_DATASET CONTENT_.
== == ==
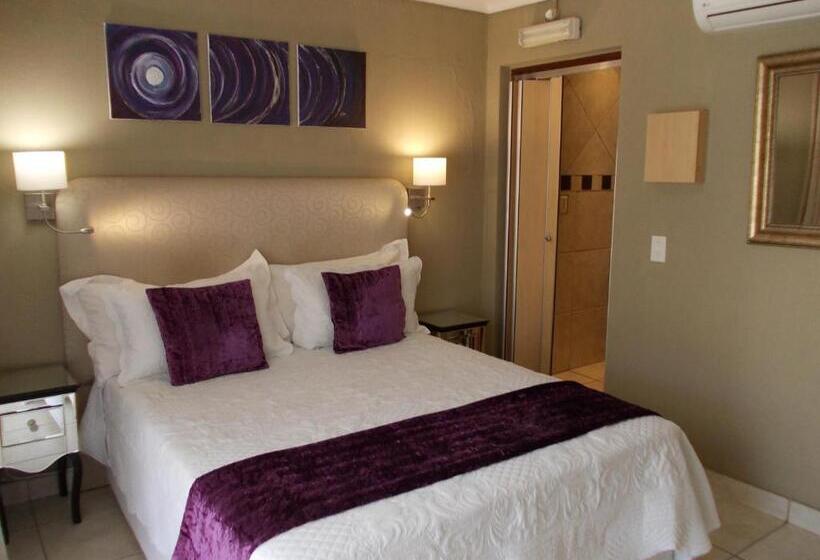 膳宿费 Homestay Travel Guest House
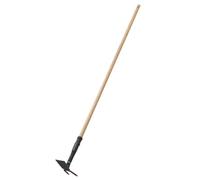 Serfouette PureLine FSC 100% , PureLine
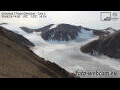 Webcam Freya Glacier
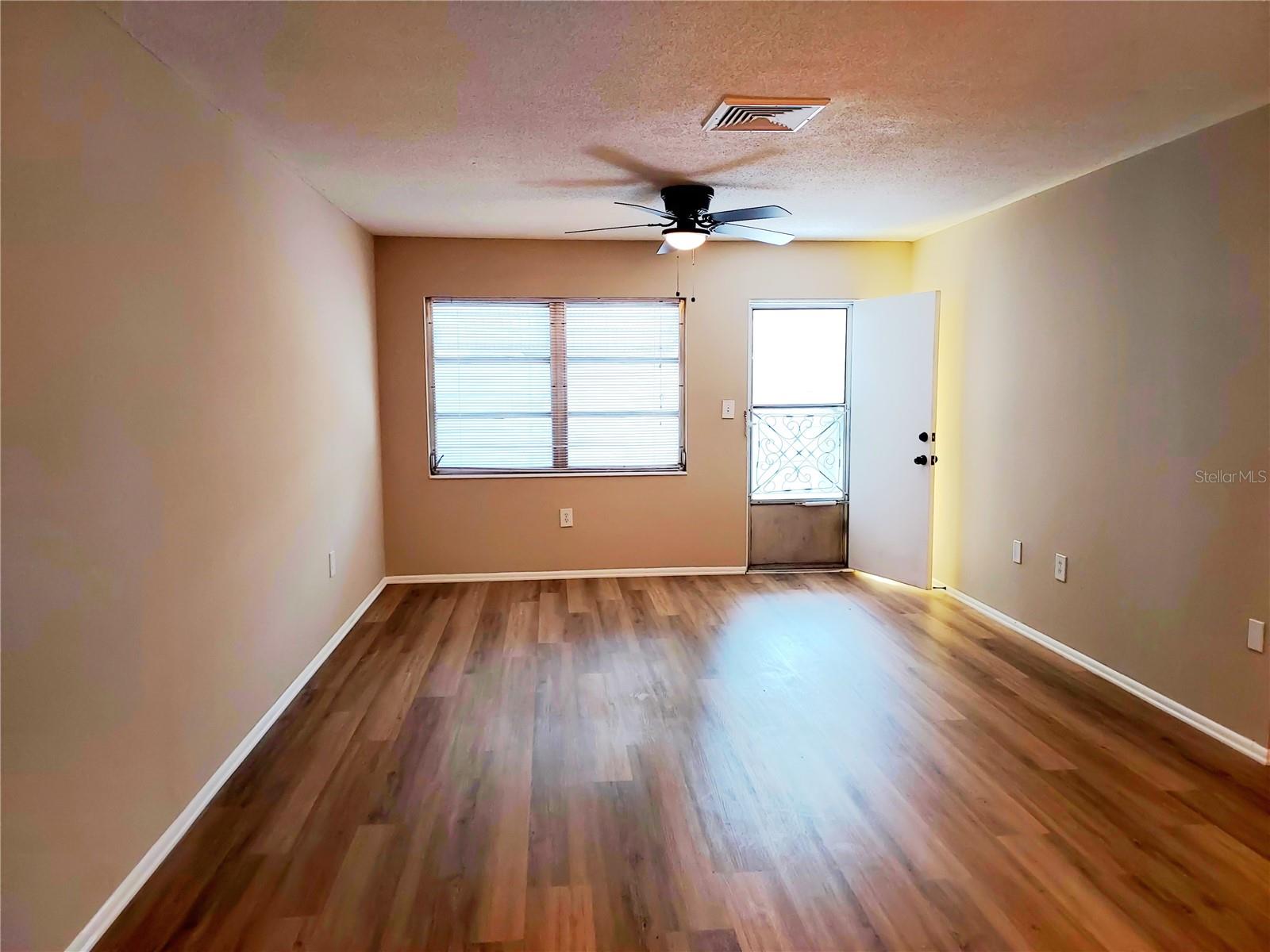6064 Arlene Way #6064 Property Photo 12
== == ==
_PROBLEM STATEMENT_. Give again, exactly, each line from the one that contains "Webcam Freya Glacier" through the last line of the material above. Pictures do not belong in the copy.

_SOLUTION TO THE EXERCISE_.
 Webcam Freya Glacier
6064 Arlene Way #6064 Property Photo 12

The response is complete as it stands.